But, as I've always said, life has a habit of finding equilibrium, and things will just return to a new state of "normal". I'll get used to it. Besides, I'm back up in seven weeks, and I should be able to see my parents in less than that. And I'm told I should almost certainly be here for christmas, possibly for the annual trip to Gainsborough too, and with my new-found wages, that's definitely something to look forward to, onwards and upwards as they say.

But still, I can't help feeling like today is something bad instead of something good.
Time will tell I guess, I'll remain hopeful. I've already promised everyone that I will be in cnotact as much as possible, and that includes this blog. I'll update as and when, but it won't have skipped my mind either way.

See you soon, I hope :-).

Saturday, August 07, 2010

Whitby...

With my time living with my family on a permenant basis rapidly coming to a close, my mum and I have been taking advantageo f the excuse to spend quality time together. My dad for his part never really spends much time with anyone, but does seem to be being more civil with me with one or two exceptions.

So I woke up a couple of days ago, after only a short period of sleep, and off my mum and I go. She won't tell me where we're going initially, so it's a bit of a mystery. For old time's sake, we go past my old workplace, before going up past the crappy falling-down flat where I used to live.
It's still crappy and falling down, just so you know :-).

Eventually we pull into a Little Chef for some breakfast, where we have a lovely Full English breakfast (which I surprised my mum with, by eating it in its entirity - except the mushroom), which was really tasty.

Off we go and my mum reveals we're off to Whitby. Now I hadn't had much sleep so its at this point that I start feeling tired, so as we go further across Yorkshire, I try to resist the urge to fall asleep, with varying amounts of success. The weather's a little grim, changing from cloudy to raining and back again several times.
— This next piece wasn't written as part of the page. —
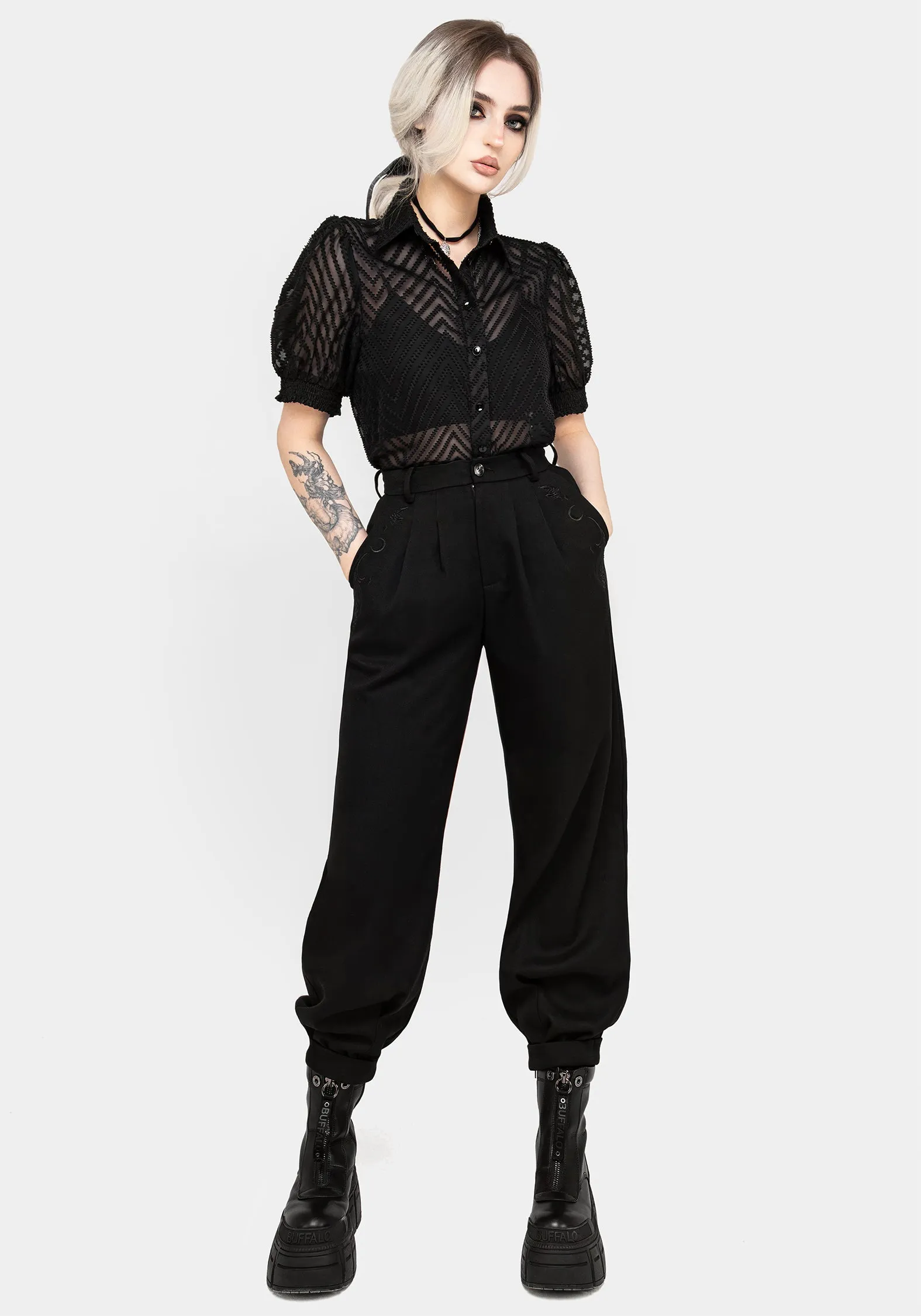 urban scene Dianne Embroidered Balloon Trousers - Black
We disappear over hills, up and down various steep gradients over the North York moors, through the village where they film Heartbeat. As expected, the place was crawling with tourists and Heartbeat fans from countries all over the world, including dozens of Japanese tourists, who allegedly take photos of everything, including the roads, the sheep (many of which seem to be suicidal as they like to play chicken - aha ha aha etc with the cars) and even each other. Eventually though, my mum says she can sea the see (?) and before long, we're in Whitby.
Looking for a place to park. Which takes aaages.

Eventually we find somewhere to park and I have a look around.
The weather is grey but not cold, the place seems pretty busy, so off we go.

Now Whitby isn't a flat place. There's a lot of hills and cliffs, and we come to the top of some of the cliffs overlooking the city.

Now, a phobia is defined as an "irrational fear". I'm not certain that an instinctive terror of heights counts as irrational fear, or an inbuilt survival mechanism that stood the evolutionary test of time. Either way, I look beyond the waist high safety barrier, to three or four foot beyond where the scrub and plants end abruptly to see their leaves hanging out into empty air, masking what, from the top, looks like a terrifying sheer drop. I didn't want to touch the safety barrier - I didn't even want to go near it, so I just sort of hang around and watch a young Herring Gull squawking at me intently.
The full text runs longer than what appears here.